Breakthrough science and innovation

P. Vishwanathan (CCAFS)

Market research for climate-smart agriculture: what farmers are willing to pay for

South Asia

Smallholder farmers across the Indo-Gangetic plain are especially vulnerable to the effects of extreme weather and changes in climate. Although farmers have their own favoured ways of adapting to variable weather and changing climatic conditions, policy makers and agricultural department staff seldom have solid information about what investments farmers actually prefer to make. CCAFS scientists in South Asia and from the International Food Policy Research Institute (IFPRI) worked to fill that gap. Through sophisticated surveys, they gathered information on farmer preferences, and what investments farmers are willing to make to help them adapt to changes in climate.

Researchers found that across Rajasthan and Madhya Pradesh farmers’ stated preference was to spend on a mix of ways to minimize climatic risks. They considered that buying special seeds or using special machines would represent value for money. Men and women had different preferences. Women tended to prefer giving crops nutrients as and when needed, and following the guidance of agro-advisories on managing crops according to the weather. The size of holdings held by farmers made little difference to preferences, although smallholders tended to put more weight on storing water and safeguarding resources than farmers with large holdings.

In general, researchers found that, in many areas across the Indo-Gangetic plain, farmers had very little knowledge of technologies developed and promoted by advisory services and scientists. Farmers knew very little about weather-based crop advisories, laser land levellers, leaf colour charts and other aids to help minimize climatic risks, but they thought the government should pay for these. Researchers also learned that staff of agricultural departments knew very little about which climate-smart technologies farmers prefer.

Farmers in Kisanpur village in Bhilwara district of Rajasthan, India took part in a climate-smart agriculture prioritisation exercise

Farmers in Kisanpur village in Bhilwara district of Rajasthan, India took part in a climate-smart agriculture prioritisation exercise. BAIF

Farmers’ preferences varied depending upon whether they had to invest their own money.
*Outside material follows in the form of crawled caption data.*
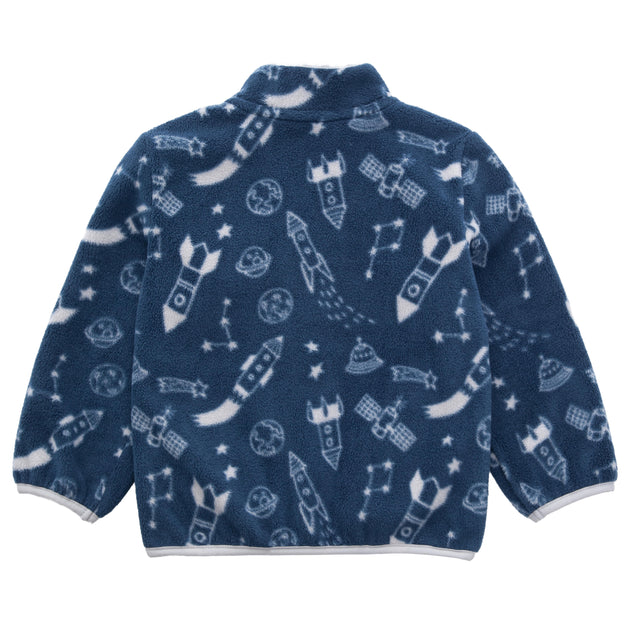 Rokka & Rolla Adventure Fleece Jacket Blue 4T 3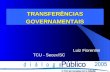 TRANSFERÊNCIAS GOVERNAMENTAIS Luiz Fiorentini TCU - Secex/SC.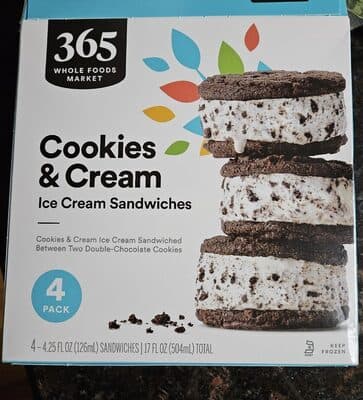 Cookies & Cream Ice Cream Sandwiches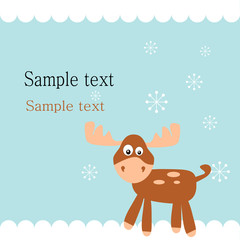 christmas deer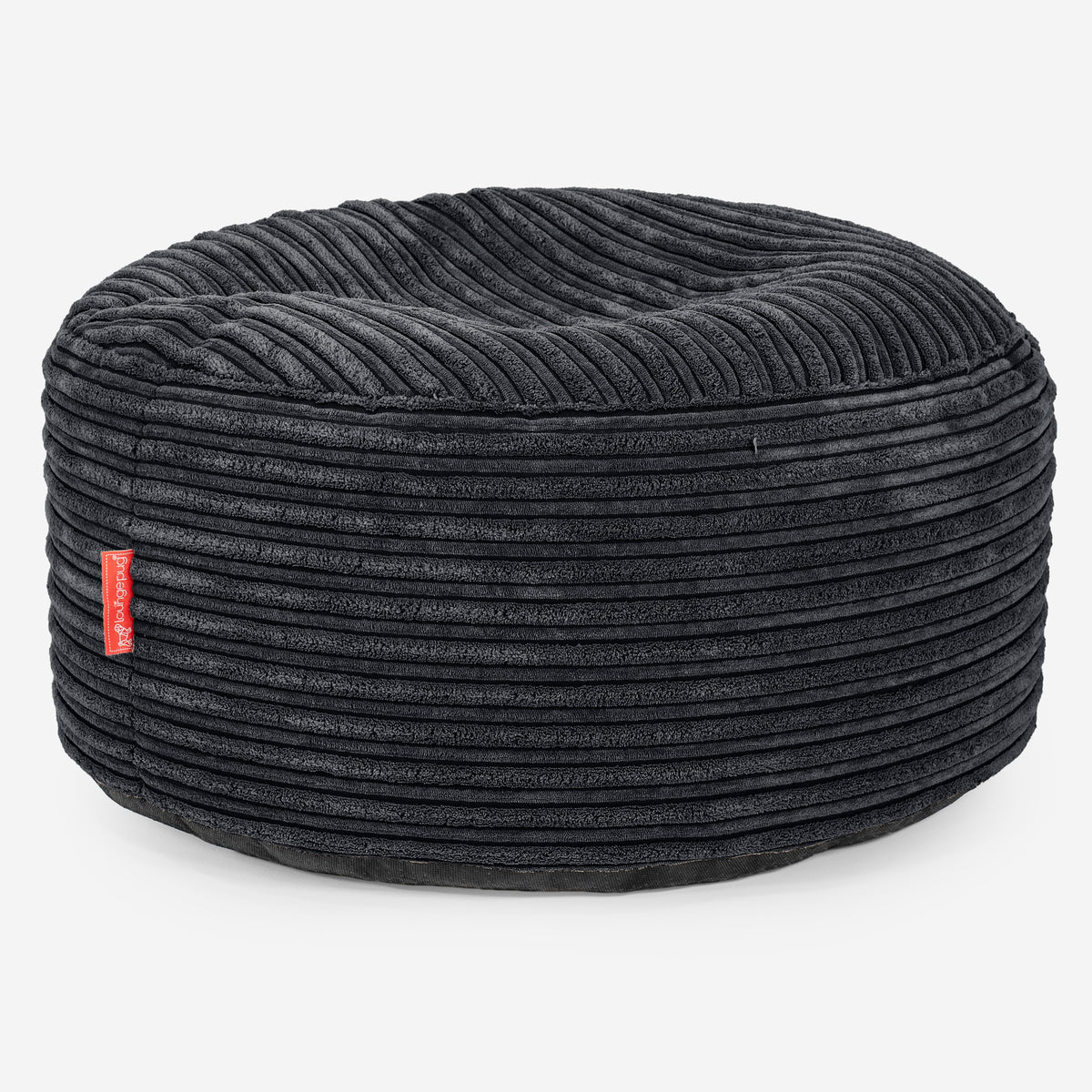 Small round on sale black ottoman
In general, farmers preferred the government to invest in insurance, agro-advisories, and weather forecasts but expressed a willingness to spend their own money on seed tolerant to climatic stresses and on machinery.
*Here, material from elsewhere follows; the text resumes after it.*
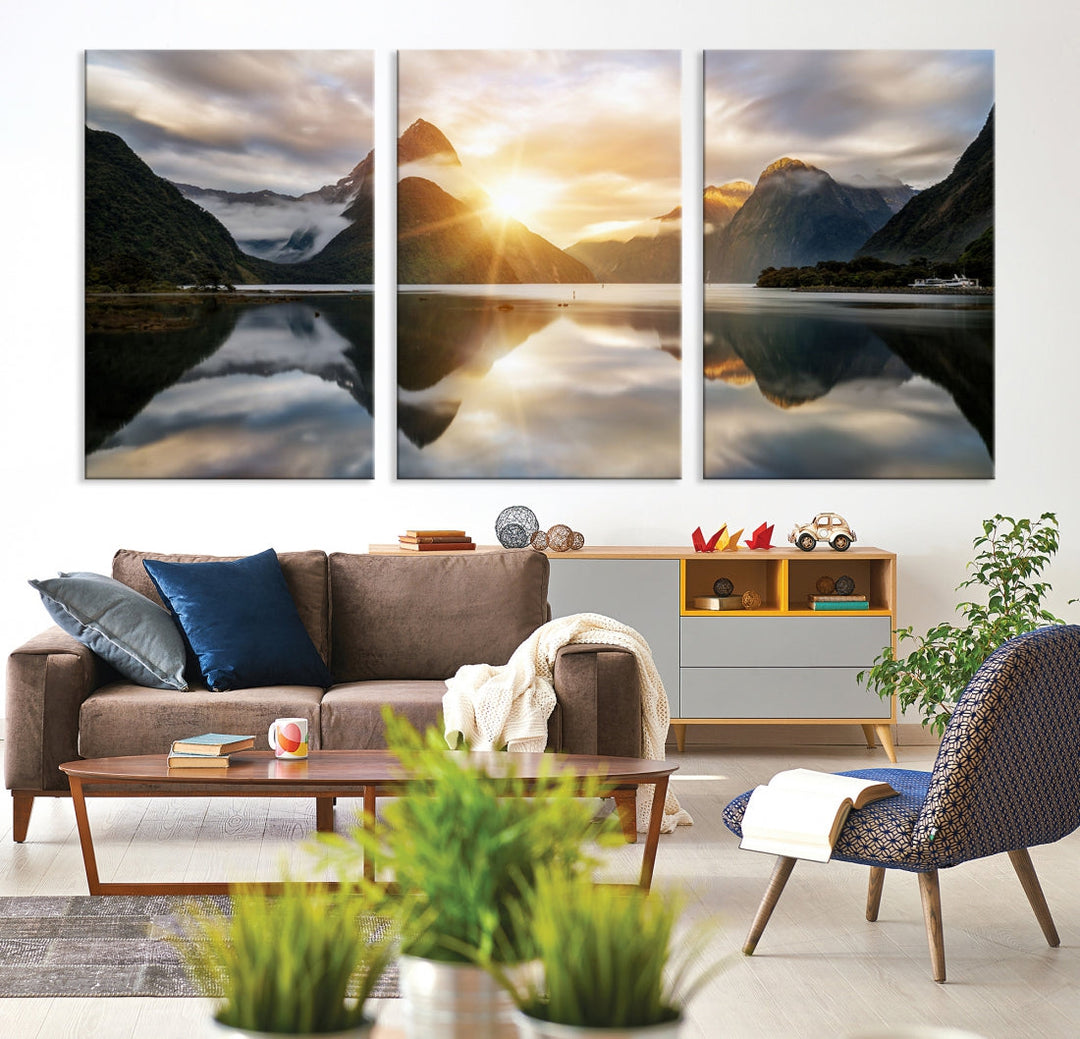 Breathtaking Nature Landscape Wall Art Canvas Print Apartment Wall Decor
Innovative ‘market’ research to determine farmers’ preferences helps influence policy makers and the private sector to promote the climate-smart technologies that farmers are likely to take up and would be willing to pay for. Such research also helps governments to provide climate-smart technologies that farmers are not willing to pay for in the first instance. Governments may need to demonstrate the value of these technologies to persuade farmers that they are a worthwhile investment.